▸ SUPPLIED MATERIAL:

########################################

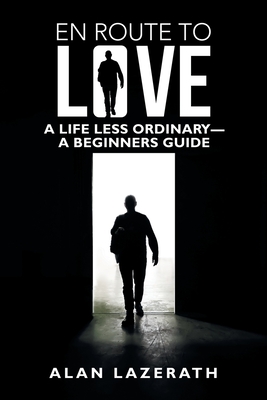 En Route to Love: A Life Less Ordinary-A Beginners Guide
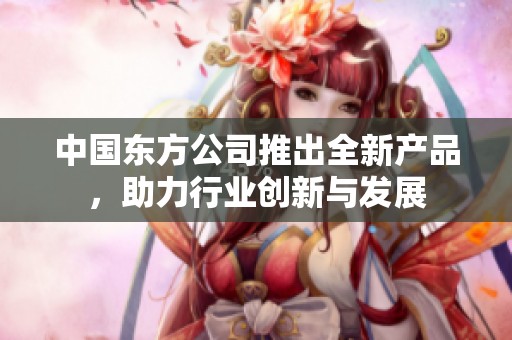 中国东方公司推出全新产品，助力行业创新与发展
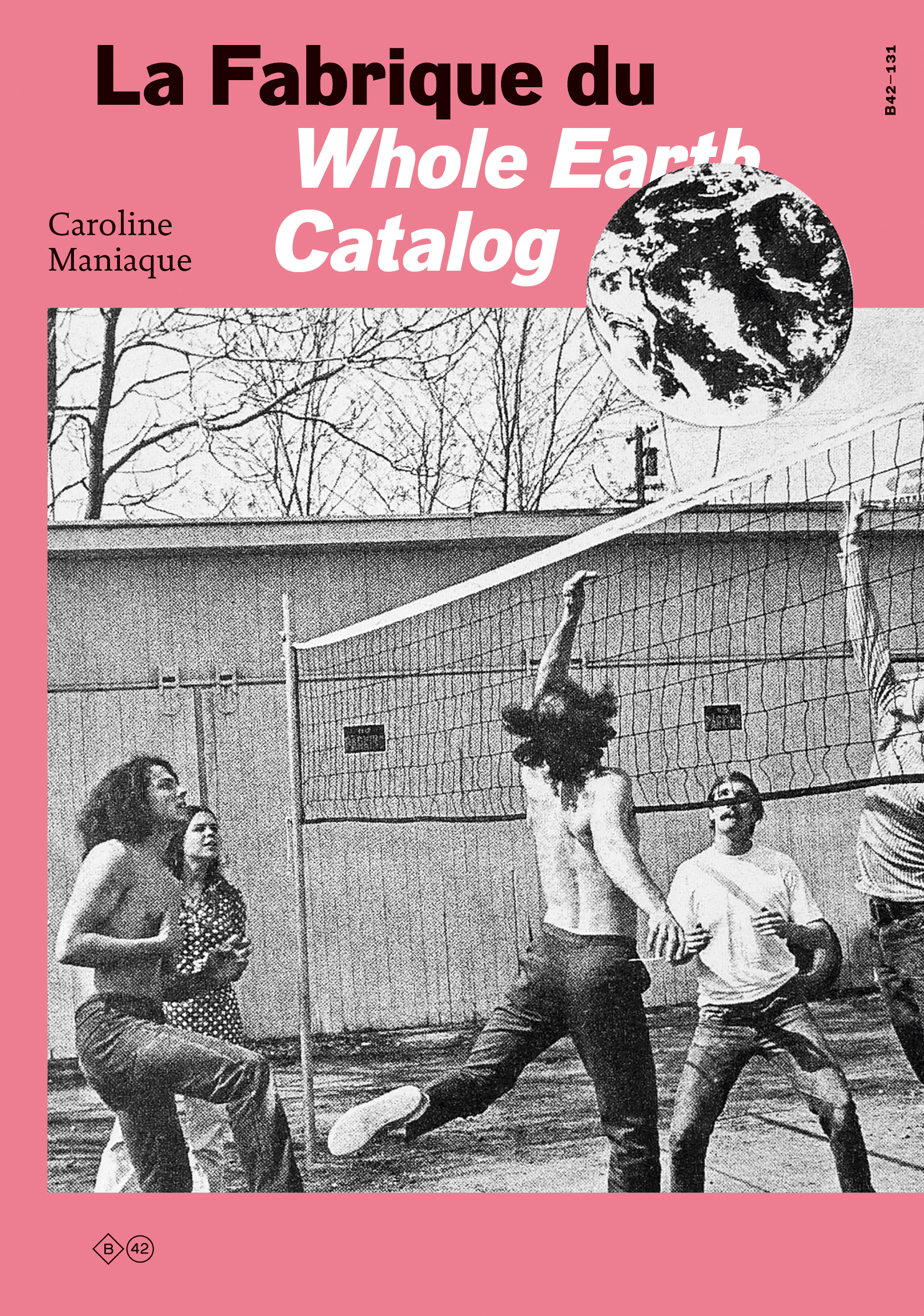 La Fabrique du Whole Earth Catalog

########################################

▸ ABOUT THIS EXERCISE: Word for word, restate all of the material above except its pictures.

▸ WRITTEN ANSWER:
 En Route to Love: A Life Less Ordinary-A Beginners Guide
 中国东方公司推出全新产品，助力行业创新与发展
 La Fabrique du Whole Earth Catalog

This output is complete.